The boundaries between in-role and extra-role behaviour are dynamic and situational. Hence, Graham (1991) adapted the political concept of civic citizenship and proposed organizational citizenship, which covered all positive employee behaviours, including core performance. This conceptualization had three main dimensions: organizational obedience involved respecting rules and regulations, and an orientation towards organizational structure; organizational loyalty was defined as identification with and allegiance to organizational leaders and the organization as a whole; and organizational participation was defined as interest in organizational affairs guided by ideal standards of virtue, such as volunteering opinions and questioning popular opinion for the good of the organization. A tool based on this framework was validated and found a supporting factor structure (Van Dyne et al., 1994). This tool contained obedience items adapted from existing conscientiousness items (Smith et al., 1983), and loyalty and participation items created inductively from employee focus groups. The model is backed by rigorous theory and statistical data, and has an original view of citizenship. It has the merit of employee contribution in creating items for OCB, though the behaviour categories were pre-decided. The model did not gain as much traction as Organ's, possibly because the heft of political concepts makes it less friendly to management practitioners. The model is also less granular, with categories covering a range of behaviours that could further be divided.

New-age Western models

Two recent OCB models having novel approaches are reviewed here. The first is a conceptualization that combines OCB with performance (Griffin et al., 2007; Carpini and Parker, 2018). Griffin's model of employee performance presents a 3 × 3 matrix, with three forms of behaviour (proficiency, adaptivity and proactivity) combined with three targets of the contribution (individual task, team member, and organization member behaviours). With rising uncertainty in the organization, employee performance goes from proficiency (anticipated and formalized behaviours) to adaptivity (responding to or coping with change) and to proactivity (initiative and foresighted behaviours). Each OCB is claimed to fit in one of the nine categories in the matrix; for example, helping a co-worker is a team member proficiency behaviour as it is targeted at a peer and can be anticipated or formalized. The model claims to subsume OCB, making its separate existence moot. However, voice and individual initiative might not fit well within this model, as they are present across all levels of target of contribution in the proactivity form. Some OCBs classified as proficient might also include elements of proactivity, making it difficult to separate OCBs from performance (Griffin et al., 2007; Carpini and Parker, 2018). In drawing together separate research lines of performance and extra-role contributions, this conceptualization makes behaviour categories dynamic but ignores the cultural and contextual specificity of OCB.

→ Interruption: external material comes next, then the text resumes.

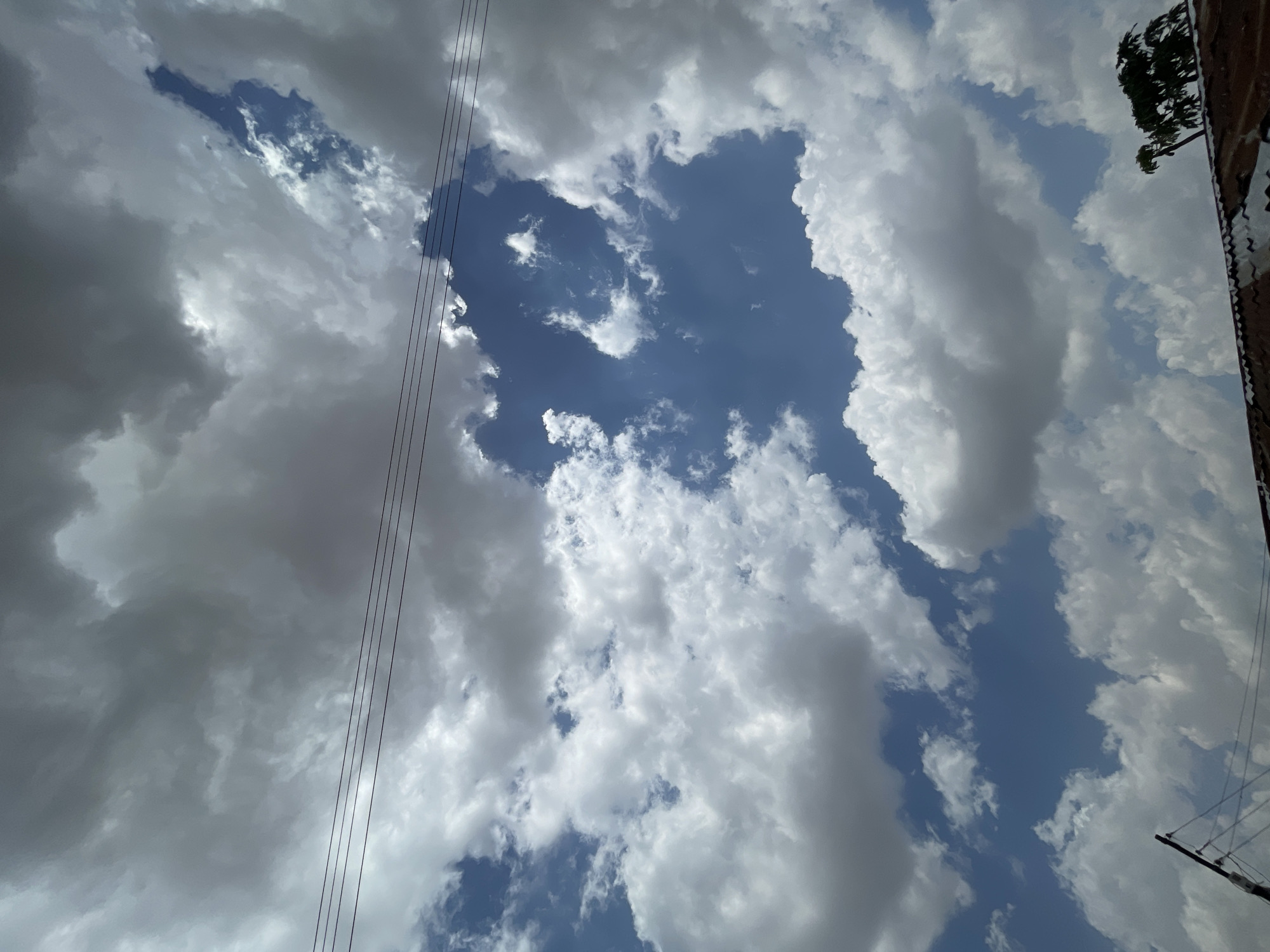 The image is an upward-facing shot of a sky filled with cumulus clouds, with patches of blue sky visible between them. Some clouds are bright white, while others are gray, suggesting varying densities and depths. Electrical power lines are visible on the left side of the image. A tree and building are present on the right side of the image. The location is Jos, Nigeria.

In a study conducted with employees at Google Inc., Dekas et al. (2013) developed a model and a measure of OCB for knowledge workers (OCB-KW). Through focus groups, coding and methods akin to Q-sort, they inductively developed five dimensions of OCB: Employee sustainability, defined as efforts to maintain or improve health and well-being of self or other employees; social participation, defined as participation in non-core social activities during the workday; civic virtue, defined as activities showing a macro-level interest or belongingness to the organization; voice, defined as efforts with an intent to improve organization's products or functioning; and helping, defined as voluntary help to co-workers for work-related issues. Three additional themes of knowledge sharing, individual initiative, and administrative behaviour were discarded due to low representation. They sourced data directly from employees and justified their intent by describing several aspects of the nature of work that are constantly evolving and therefore need newer theorizations in organizational behaviour. Cultural context is a strong influencer of OCB (Paine and Organ, 2000). A common limitation for all of the models reviewed above is their specificity to Western contexts that restrict their generalizability and explaining power in non-Western cultures.

Cultural differences in defining organizational citizenship

The pioneering OCB conceptualization in a non-Western culture used qualitative methods to analyse examples of OCB collected from Chinese employees and found that the resulting framework differed from the Western model (Farh et al., 1997). Dimensions of identification with the company, altruism towards colleagues and conscientiousness were common between the two models and were termed as “etic” (universally common) dimensions. Sportsmanship and courtesy were found to be absent from the Chinese conceptualization, while interpersonal harmony and protecting company resources were new dimensions absent in the Western notion. These differences were explained in relation to three cultural and institutional characteristics of China (Farh et al., 2004): salience of interpersonal relationships, state domination and broad definition of performance. In their findings, dimensions of OCB unique to China were found to be social welfare participation and compliance with social norms. These scholars addressed the deficiency of existing theorizations by developing a culture-specific model of OCB and showing its interconnectedness with the culture. Their final model had eleven dimensions, each adding to its originality and practicality.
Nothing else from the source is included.